◆ **What you need to do**
All records below must be written out exactly, with the pictures excluded.

◆ **Dataset records**
----

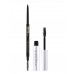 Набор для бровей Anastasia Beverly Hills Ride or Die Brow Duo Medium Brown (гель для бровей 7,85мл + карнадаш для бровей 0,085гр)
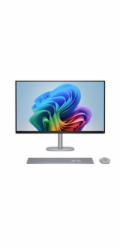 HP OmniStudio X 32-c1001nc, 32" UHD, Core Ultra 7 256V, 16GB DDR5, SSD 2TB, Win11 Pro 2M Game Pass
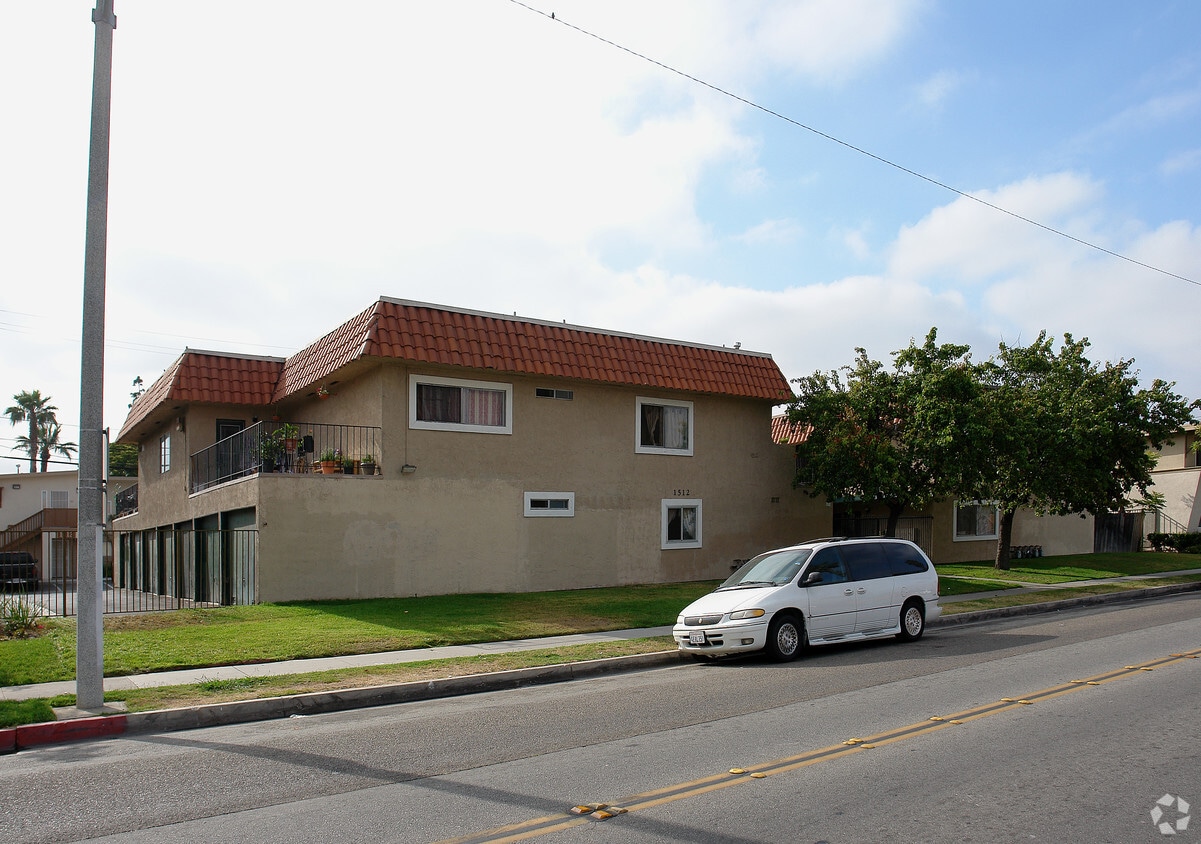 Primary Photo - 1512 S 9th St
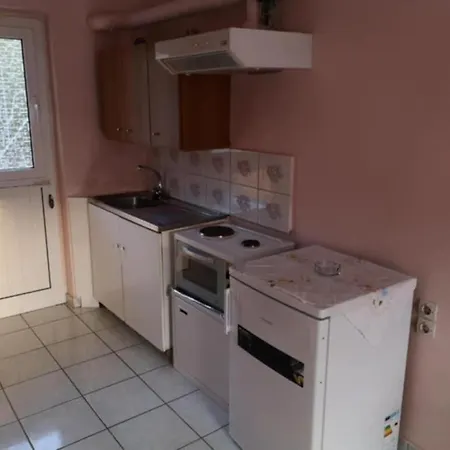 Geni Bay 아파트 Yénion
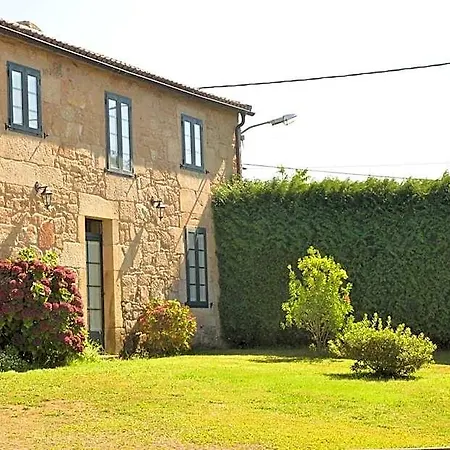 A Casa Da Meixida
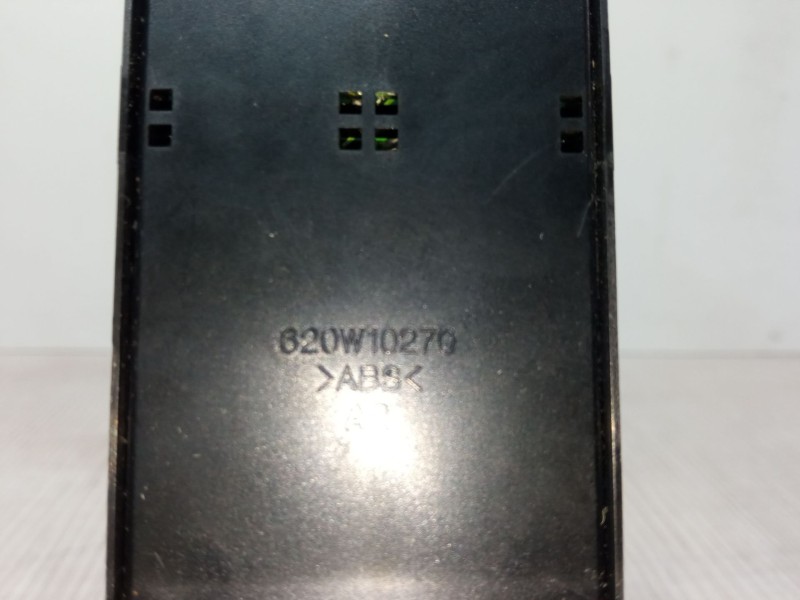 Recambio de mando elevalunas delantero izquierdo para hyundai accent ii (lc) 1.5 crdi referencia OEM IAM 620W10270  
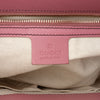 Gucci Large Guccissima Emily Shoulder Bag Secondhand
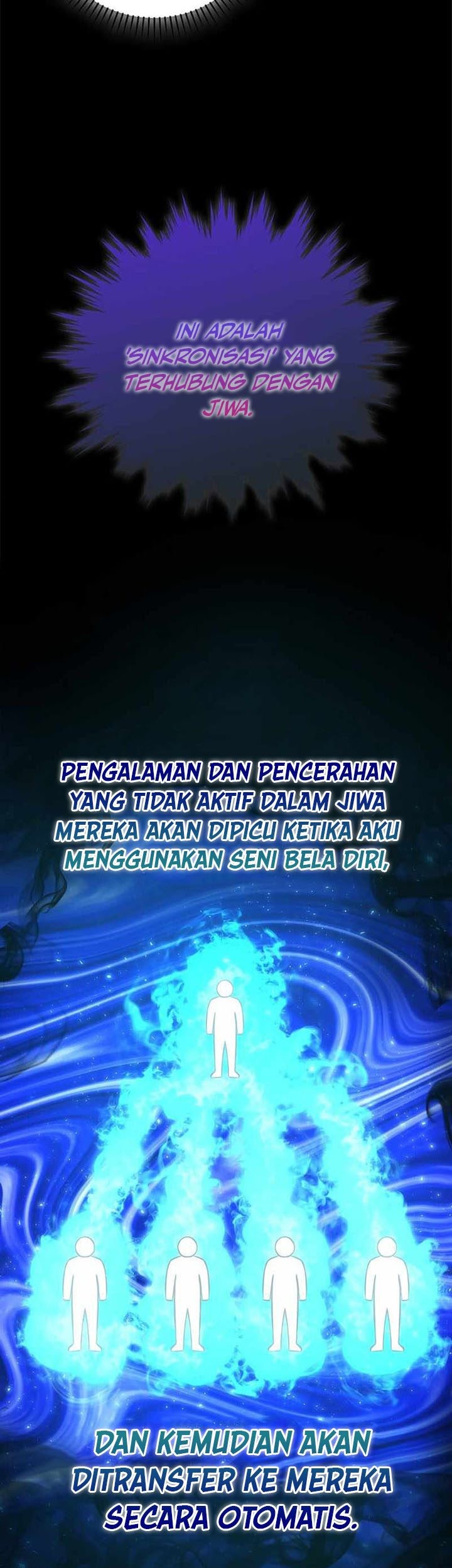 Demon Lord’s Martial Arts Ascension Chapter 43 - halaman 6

----

◆ **Your solution**
 Набор для бровей Anastasia Beverly Hills Ride or Die Brow Duo Medium Brown (гель для бровей 7,85мл + карнадаш для бровей 0,085гр)
 HP OmniStudio X 32-c1001nc, 32" UHD, Core Ultra 7 256V, 16GB DDR5, SSD 2TB, Win11 Pro 2M Game Pass
 Primary Photo - 1512 S 9th St
 Geni Bay 아파트 Yénion
 A Casa Da Meixida
 Recambio de mando elevalunas delantero izquierdo para hyundai accent ii (lc) 1.5 crdi referencia OEM IAM 620W10270  
 Gucci Large Guccissima Emily Shoulder Bag Secondhand
 Demon Lord’s Martial Arts Ascension Chapter 43 - halaman 6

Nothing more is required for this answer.